New innovations that could revolutionise the way food is produced in Britain have been unveiled at a hi-tech science base in North Yorkshire.
A hydroponic system fitted with advanced LED lighting is being used to grow salad and mini-vegetable crops independently of sunlight and seasons so that food can be produced inside, all year round.
The ‘urban farm’ technology, which is starting to be adopted in parts of the UK, involves self-contained shelves of crops grown under lights and stacked on top of each other.
With greater automation, the director of science at Stockbridge Technology Centre in Cawood near Selby, Dr David George, believes it has a commercial role to play in helping the nation improve its food security, reduce its reliance on imports and face up to the challenge of feeding an ever-growing population.
“It’s a very reliable way of producing food that isn’t dependent on weather and you can predict exactly how much crop is going to come out,” Dr George said.
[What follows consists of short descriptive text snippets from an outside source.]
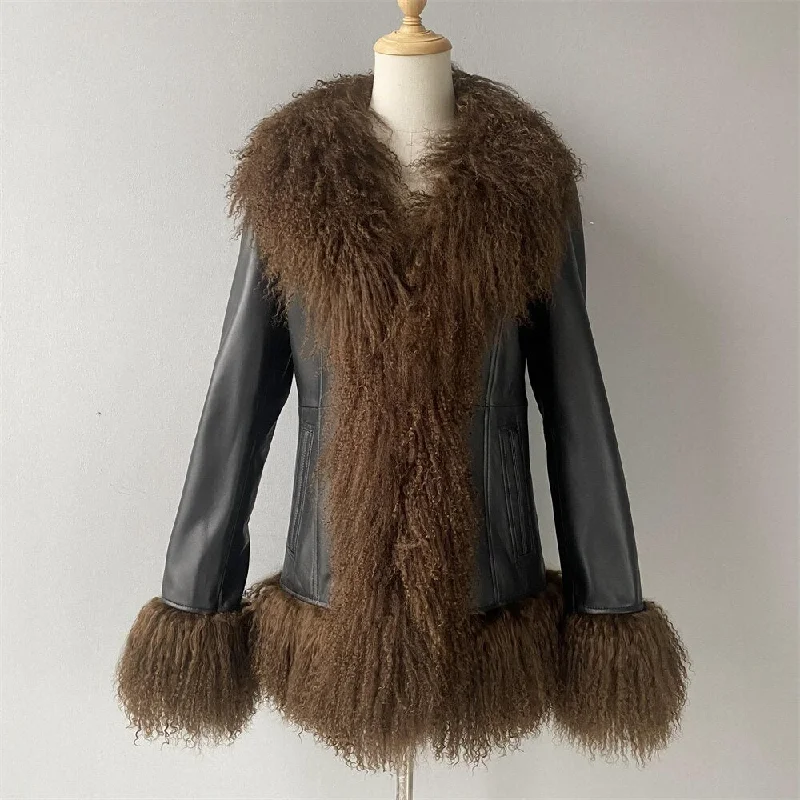 Genuine Leather Real Mongolia Fur Collar, Trim & Cuffs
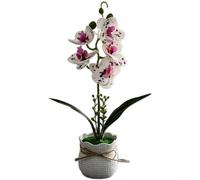 Yelvera Simulazione di orchidea Phalaenopsis progettata per la continuità estetica in interni residenziali e alberghieri (pois neri viola)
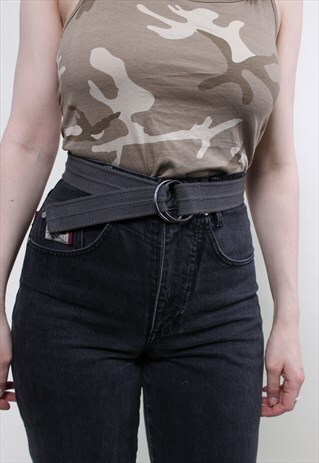 VINTAGE 90S CANVAS BELT, D RING UTILITY BELT MEDIUM SIZE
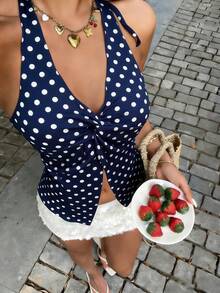 Sundraya 女士夏季波点印花前扭结露背上衣 - 彩色 - 查看 1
Another facility that was officially opened at the centre yesterday was an advanced glasshouse which allows new approaches to crop production and crop protection that are less reliant on chemical inputs to be tested and demonstrated to farmers in a controlled environment.
The innovations have been funded by the Crop Health and Protection (CHAP) agri-tech centre, based at the National Agri-Food Innovation Campus in Sand Hutton, York.
CHAP is one of four agri-tech centres that are being invested in by the Government to address the food needs of a booming population whilst having as little effect as possible on the environment.
Dr George said it is an exciting time for agricultural innovation.
“We are seeing a lot of real progress in lots of different areas that can be brought together to make a big difference to the way we produce food.”